2.3. Finite shaft element

Fig. 3 shows a two-node shaft element with eight degrees of freedom. The time displacements of an arbitrary cross section in the element can be expressed by the product of its nodal displacements and shape functions (Michael et al., 2010).

Fig.3
Shaft element and generalized coordinates

According to the geometric analysis in Fig. 4, the slopes (B, Γ) can be given by the following relationships (Jei and Lee, ): (6) $\Gamma (s,t) = \frac{{\partial V(s,t)}}{{\partial s}}$ ,

(7) $B(s,t) = - \frac{{\partial W(s,t)}}{{\partial s}}$ .

Fig.4
Geometric relationship of generalized coordinates

For the shaft element the vector ${u_{\text{S}}} = {[{V_{\text{1}}}\;{W_{\text{1}}}\;{B_{\text{1}}}\;{\Gamma _{\text{1}}}\;{V_{\text{2}}}\;{W_{\text{2}}}\;{B_{\text{2}}}\;{\Gamma _{\text{2}}}]^T}$ represents the generalized coordinates. The interpolation functions (N ₁, N ₂, N ₃, and N ₄) are used to calculate the nodal displacements, and the expressions are given by (8) $V = \left[ {\begin{array}{*{20}{c}} {{N_1}}\quad0\quad0\quad{{N_2}}\quad{{N_3}}\quad0\quad0\quad{{N_4}} \end{array}} \right]{u_S} = {N_V}{u_S}$ ,

(9) $W = \left[ {\begin{array}{*{20}{c}} 0\quad{{N_1}}\quad{ - {N_2}}\quad0\quad0\quad{{N_3}}\quad{ - {N_4}}\quad0 \end{array}} \right]{u_S} = {N_W}{u_S}$ ,

(10) $B = \left[ {\begin{array}{*{20}{c}} 0\quad{ - {N_1}^\prime }\quad{{N_2}^\prime }\quad0\quad0\quad{ - {N_3}^\prime }\quad{{N_4}^\prime }\quad0 \end{array}} \right]{u_S} = {N_B}{u_S}$ ,

(11) $\Gamma = \left[ {\begin{array}{*{20}{c}} {{N_1}^\prime }\quad0\quad0\quad{{N_2}^\prime }\quad{{N_3}^\prime }\quad0\quad0\quad{{N_4}^\prime } \end{array}} \right]{u_S} = {N_\Gamma }{u_S}$ .

The corresponding velocities are calculated by taking derivatives with respect to time. Similarly, the kinetic energy is obtained by computing an integral over the length of the element (Rao et al., ): (12)
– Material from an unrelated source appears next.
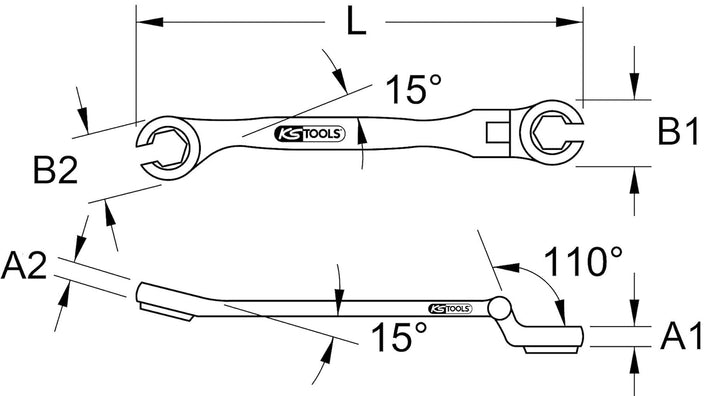 KS Tools 518.0392 CHROME+ Doppelringschlüssel m.Gelenk, 24mm,offen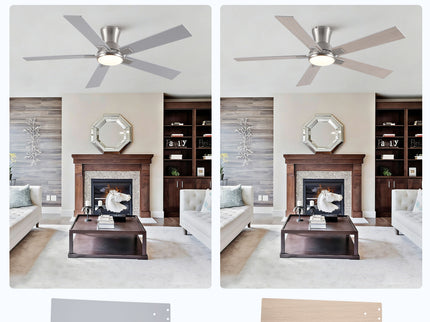 Low Profile Flush Mount Intergrated LED Ceiling Fan With Light And Reversible Quiet Motor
${\kern 0pt} \begin{matrix} {T_S} = \int_0^L {\frac{1}{2}\left( {\mu {{\left[ {\begin{array}{*{20}{c}} {\dot V} \\ {\dot W} \end{array}} \right]}^T}\left[ {\begin{array}{*{20}{c}} {\dot V} \\ {\dot W} \end{array}} \right] + {j_d}{{\left[ {\begin{array}{*{20}{c}} {\dot B} \\ {\dot \Gamma } \end{array}} \right]}^T}\left[ {\begin{array}{*{20}{c}} {\dot B} \\ {\dot \Gamma } \end{array}} \right]} \right)} ds \hfill \\ - \int_0^L {\Omega {j_p}} \dot \Gamma Bds + \int_0^L {\frac{1}{2}{j_p}} {\Omega ^2}ds \hfill \\ = \dot u_S^T\left( {\int_0^L {\frac{1}{2}\mu {{\left[ {\begin{array}{*{20}{c}} {{N_V}} \\ {{N_W}} \end{array}} \right]}^T}\left[ {\begin{array}{*{20}{c}} {{N_V}} \\ {{N_W}} \end{array}} \right]ds} } \right){{\dot u}_S} \hfill \\ + \dot u_S^T\left( {\int_0^L {\frac{1}{2}{j_d}{{\left[ {\begin{array}{*{20}{c}} {{N_B}} \\ {{N_\Gamma }} \end{array}} \right]}^T}\left[ {\begin{array}{*{20}{c}} {{N_B}} \\ {{N_\Gamma }} \end{array}} \right]ds} } \right){{\dot u}_S} \hfill \\ - \Omega \dot u_S^T\left( {\int_0^L {{j_p}N_\Gamma ^T{N_B}ds} } \right){{\dot u}_S} + \int_0^L {\frac{1}{2}{j_p}{\Omega ^2}ds} , \hfill \\ \end{matrix}$

where μ, j _d and j _p are the shaft element mass, diametral inertia and polar inertia per unit length, respectively.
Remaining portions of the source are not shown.